Aurora Australis or the Southern Lights can mostly be seen from Tasmania. However, if you’re lucky, you may spot it from Victoria, ACT, NSW and even southern Queensland.
Here’s where you can find the Aurora Australis in Victoria.
The Southern Lights. While not as well-known or relentlessly pursued as their northern cousins, they still know how to put on a show.
And the best things is… Did you know it’s possible to see the Southern Lights from Victoria?
It’s not common – but it can happen.
Solar activity is set to peak over the next couple of years (I’m writing this mid-2023), so your chances of seeing the Aurora Australis in Victoria is fairly good.
Keep an eye on alerts from the Bureau of Meterology (BOM) and get yourself to one of these destinations, if the aurora is on the radar.
For more natural wonders, check out this quick guide to Victoria’s pink lakes.
Where to see the aurora australis in Victoria
When can you see the aurora australis in Victoria?
When the sun enters a period known as ‘solar maximus’, solar activity increases.
Energy pushes out from the sun in the form of solar flares, which interact with the northern and southern magnetic poles of our planet.
So basically, these high-energy particles collide with the Earth’s magnetic field and boom.
The result? A wash of colour dancing around the sky, known as aurora borealis or aurora australis, depending where in the world you are.
The aurora is best viewed at night, which is why wintertime is ideal – more hours of darkness mean more chances to see the show.
And while the Aurora Australis is commonly seen only in Tasmania, if it’s strong enough, you can catch it in Victoria.
Where can you see the aurora australis in Victoria?
So, what to do if conditions are good and it’s predicted the southern lights will be making an appearance in the night sky?
Rug up, grab your camera and a sturdy tripod and head out, on a celestial-inspired adventure.
Here are some places where you may be able to spot the Aurora Australis in Victoria.
Werribee South Beach & Point Cook
These areas are far enough west from Melbourne to give you some chance of catching the aurora.
If conditions aren’t great at Werribee South Beach, drive a little further to Campbell’s Cove. You may be able to spot the aurora from there.
Queenscliff & Point Lonsdale
The Bellarine has a few vantage points for seeing the southern lights in Victoria.

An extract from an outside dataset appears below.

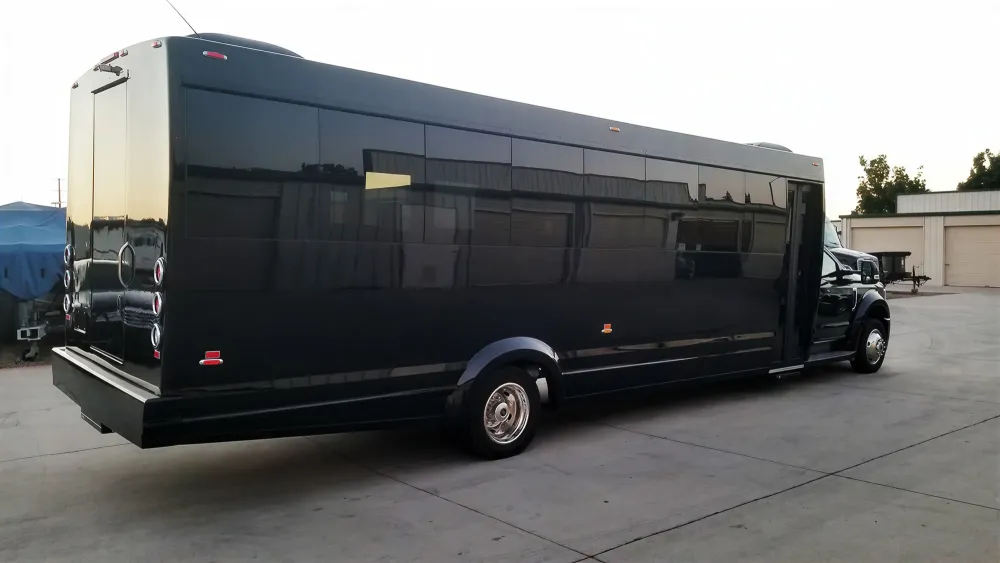 25 passenger black party bus used for Temecula wine tours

Queenscliff and Point Lonsdale both face south, and so will be your best bet.
Anglesea, Aireys Inlet & along the Great Ocean Road
Fancy a road trip? Head south to Anglesea, Aireys Inlet or even further along the Great Ocean Road, to try and spot the lights.
If you’re gonna make a whole trip out of it, explore more things to do on the Great Ocean Road.
Cape Schanck & Flinders
On the other side of the bay, Cape Schanck and the small town of Flinders are both reportedly good spots for aurora-spotting.
They’re not too far from Melbourne, so if you live east of the city you can head there to try and view the lights and back easily, in a night.
The southern side of Phillip Island is a possible vantage point for seeing the Aurora Australis in Victoria.
Around Smiths Beach or Berry’s Beach could be possible winners.
Or head to completely off-the-grid French Island, where light pollution will absolutely not be an issue!
There are limited places to stay in this offbeat destination, so plan ahead accordingly.
Find out more about visiting French Island.
The town of Inverloch in Gippsland is a great vantage point for seeing the Aurora Australis in Victoria.
Face south and cross your fingers.
Wilsons Promontory National Park
The most southern point of the state, if you’re going going to see the Aurora Australis in Victoria or from anywhere on mainland Australia, it’ll probably be here.
An absence of light pollution will work in your favour.
Tidal River is where you might want to base yourself, as it’s the location of the biggest campsite.
While not on the southern coast of Victoria, Heathcote is close to the location of the Astronomical Society of Victoria’s dark sky site.
The lack of light pollution means that if the aurora is strong enough, it will be viewable from around this region.
Can you spot the southern lights in Melbourne?
The stars literally have to align to make the Aurora Australis visible in Melbourne. No moon, clear skies and low light pollution all come into play.
However, it is possible! If the flare is strong enough, you may be able to spot the aurora from Rickett’s Point in Beaumaris or Williamstown Beach.
And best to note – you may not actually see the aurora as you’d expect to (that is, as a brilliant display of light in the sky).
The feature image at the top of this post was taken at the tail end of a flare, so it presented to the naked eye as a white band, low in the sky.
After taking a photo with my DSLR and tweaking the settings in Photoshop, I was able to bring out the colour that my eyes just couldn’t see.